Firm freight rates globally, especially for Capesize vessels, are expected to persist for the rest of this year due mainly to increased Chinese buying activity for iron ore, market sources said Thursday.
 
Carriage rates for other vessels, including Panamax, Supramax and Handymax, are also expected to firm up, but to a lesser extent compared with the price expectations for Capesize vessels.
 
Coal traders contacted by Platts said the higher freight rates are putting pressure on FOB thermal coal prices, causing an "even wider spread" between bids and offers for the commodity.
 
One Singapore-based trader said the effect will be mainly on Australian and South African coals, which are mainly transported on Capesize vessels to China.

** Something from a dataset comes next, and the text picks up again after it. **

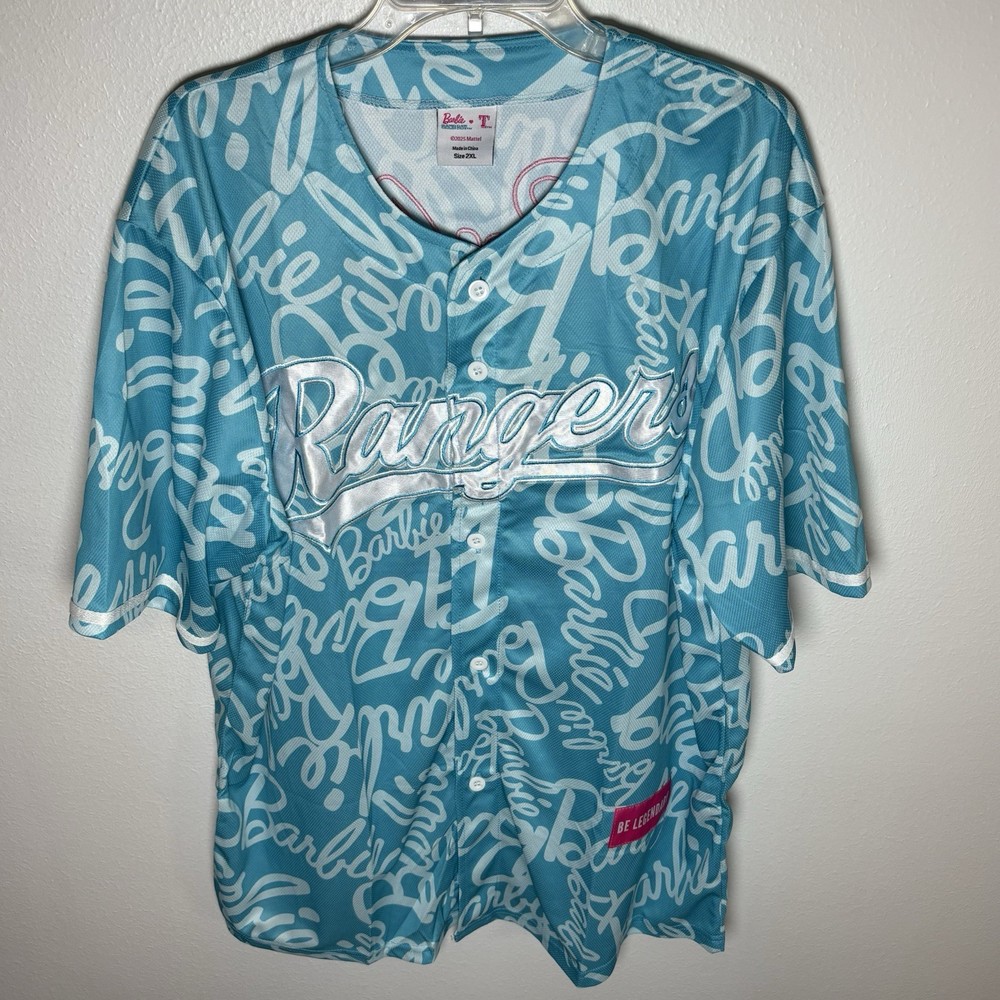 Texas Rangers X The Barbie Movie Mattel Baseball Jersey Blue MLB Size XXL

A second trader in Indonesia said the rising freight is surely a concern but will have only a "marginal impact" on coal sales.
 
Although C&F prices are expected to rise with the higher freight rates, Indian coal buyers have bigger issues to worry about, mainly pertaining to the depreciating rupee which makes it extremely expensive to import coal, the trader said.
 
The first trader said the rising freight rate is just another issue facing coal shippers in the currently bearish thermal coal market.
 
A Singapore-based shipping source said: "Market sentiment for bulk freights suggests the balance of this year will remain firm." He said the rise in Capesize rates is mainly due to the manner by which China imports iron ore.
 
"Chinese steel mills have this stop-start way of chartering. They suddenly hit the accelerator and the Capesize market takes off. The Panamax, Supramax and Handymax rates move as market sentiment improves but the moves are not as great as in the Capesize sector," the shipping source said.
 
"Then just as quickly as they started, they stop chartering and the market goes into reverse."
 
Capesize freight rates started to show signs of improvement in mid-June from previous lows and have significantly risen in the last three weeks.
 
CHINA MILLS INCREASE IRON ORE IMPORTS
 
The shipping source said he believes Chinese mills have increased their iron ore imports on expectations that prices will rise.
 
"China is a centralized economy and who really knows what they are thinking? My personal belief is that they simply decided their stocks needed replenishing and that delivered costs were acceptable," the source said.
 
"Now that delivered costs have increased, they may well decide to take the foot off the accelerator and apply the brakes -- having done what they wanted. The same happened several times in 2009."
 
The Chinese mills are importing iron ore whose current landed prices have risen by about 20% from mid-June.
 
Platts assessed the 62% Fe Iron Ore Index at $113.75/mt on June 14, at $140.50/mt on August 15 and at $138/mt on September 4, CFR North China.
 
According to the Baltic Exchange, the daily time charter rate for Capesize vessels on June 14 was $6,300, rising to $12,909 on August 15 and to $17,854 on September 4.
 
In mid-June, the daily Panamax and Supramax time charter rates were higher than Capesize rates but this trend has lately been reversed.
 
Baltic Exchange data showed the daily time charter rate for Panamax and Supramax vessels at $6,405 and $9,408 on June 14, respectively; and at $7,374 and $9,552 on August 15. On September 4, the daily time charter rates for Panamax and Supramax vessels were $7,456 and $9,856, respectively.
 
"The rise in freight rates will obviously mean coal charterers will pay more for Panamax and Supramax ships. This is a direct effect of the rise in Capesize vessel rates. But the rise for smaller ships will not be as big because they are not too involved in the carriage of iron ore," the shipping source said.